Runestone is using ornaments in a useful way to pin controls to the main window without getting in the way. I can see this shelf or toolbox approach becoming common, particularly if you add in the option to hide it when not being used.
Popovers work on the device, but they are rarely the best option for presenting additional detail when you have an “infinite canvas”. Presenting a new window is a better approach, but how many windows is too many?
The direction I think will win out is similar to Apple’s iMessage, which has a sliding window mechanic (recreated by Steve Troughton-Smith on Github). It spreads out the content, without creating additional window managing load for the user. As usual Apple has also added some nice polish to the animation here too. I hope this becomes an API for everyone to use at this years WWDC.
Cut the Rope is the best example so far here, where 3D is used as decoration to the 2D content. Unfortunately it doesn't appear to add anything more than whimsy to the experience from what the screenshots show, but it's a great idea. It’ll be interesting to see if there’s an evolution of this approach that could be used to add more to the experience than just a visual element.
There are other examples of the 3D breaking free from the 2D interface such as the particles in Void-X, a retro space shooter, which is definitely the direction to go if it makes sense for the game as it does in this case.
Disney is going beyond this and using a volumetric scene as a place to watch content. I don’t know how practical it will be for others to follow this approach as each of these is a significant investment in content generation in itself. Will a skybox have the same effect, or will the fidelity of the device require these scenes to be 3D?
A step beyond decorative 3D is fully interactive volumetric elements. These, so far, seem to be a feature of the Sports category almost exclusively, but using data to provide additional insights and views of the action is a great example of what the device can do well. The NBA and PGA Golf seem to be leading the way in this category.
There was also a concept video doing the rounds this week on how adding 3D content, along with taking video beyond a static window can be used for F1 data. I can’t wait to see these concepts come to life in the coming months.
This is an area that seems to have a lot of potential, but will be difficult to develop for until device availability is more widespread. There are a few game examples that fit this category, the aptly named Vision Ploppy Pairs which promises SharePlay support. I would assume the board game simulation Game Room will also offer something similar. The interesting aspect about these types of apps is the sharing experience isn’t restricted by everyone having a Apple Vision Pro, SharePlay works across all Apple’s platforms, so multiplayer games or shared experiences can happen across devices. I am intrigued to see what developers do with this technology to expand the experience beyond the device itself for both multi-user and single user interactions.

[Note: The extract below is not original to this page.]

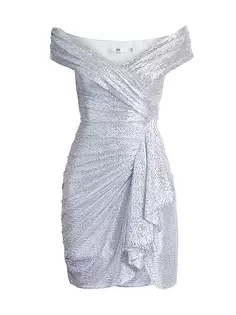 Коктейльное платье с открытыми плечами и блестками Tadashi Shoji, цвет platinum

Just Good Demos/Inspiration
Lastly, no launch should be without Apps that have a wow factor which will make them good candidates for testing out the technology, showing to others or for inspiration of what’s possible. Mostly these are full immersive experiences, or make good use of AR for interactive elements. Apple’s poster child djay is one for this, alongside the AR App Jigspace. Night Sky also looks fantastic and well worth playing with on any platform.
Without trying it though Game Room looks to combine all the above elements into the most impressive app that’ll be available for launch, but I’m sure there will be a few more impressive apps and games that we’ll see over the next week and beyond.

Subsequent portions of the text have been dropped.